Para pembicara konferensi ini pun tak hanya dari dalam negeri Turki tapi juga dari negara lain. Wajar bila hadirin memenuhi ruangan. Ratusan lainnya harus rela berada di luar ruang konferensi dan mengikuti jalannya konferensi melalui layar monitor.

Dimulai dengan yang paling indah dari kata-kata, Al-Qur’anul Karim, konferensi dilanjutkan dengan mendengarkan pesan dari Amir Hizbut Tahrir, ulama terkemuka Syeikh Atha bin Khalil Abu aI-Rashtah. Ia mengirim sambutan khusus untuk konferensi ini.

Setelah menyoroti pentingnya khilafah bagi umat, Syeikh Atha menegaskan bahwa khilafah yang benar harus dipisahkan dari yang palsu. Sistem khilafah bukanlah imperium, kerajaan, republik, maupun demokrasi.

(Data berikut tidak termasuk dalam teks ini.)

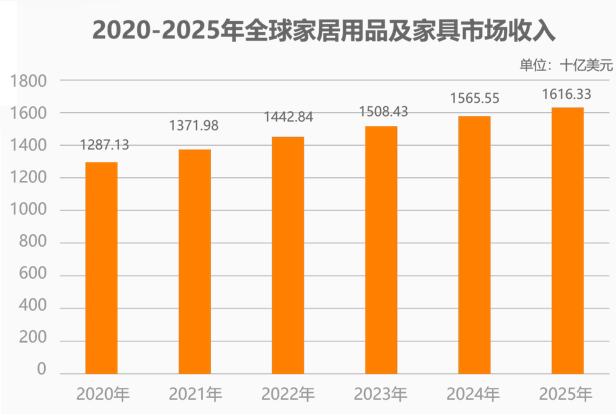 电动牙刷、牵狗绳、扫地机器人火出圈…2024年泛家居跨境电商机遇在这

Konferensi ini diisi oleh para pembicara antara lain Mahmud Kar dari Turki, Syarif Zayed dari Mesir, Ahmad al-Qashash dari Lebanon, juga Islam Abu Halil dari Uzbekistan. Secara bergantian mereka menyampaikan pentingnya kembali kepada sistem khilafah. Umat Islam tak akan bisa bangkit tanpa institusi aslinya yakni khilafah. Selain itu ada juga pembicara yang berbicara melalui telekonferensi yakni Iyad Qunaybi dari Yordania yang tidak bisa datang karena dicekal oleh pemerintahnya.

Hizbut Tahrir Turki dalam siaran persnya menegaskan tekadnya dengan slogan: “bendera akan muncul dari mana ia telah jatuh", dan ”mengubah mata kita ke Topkapi, menghitung hari sampai pengumuman Khilafah Rasyidah."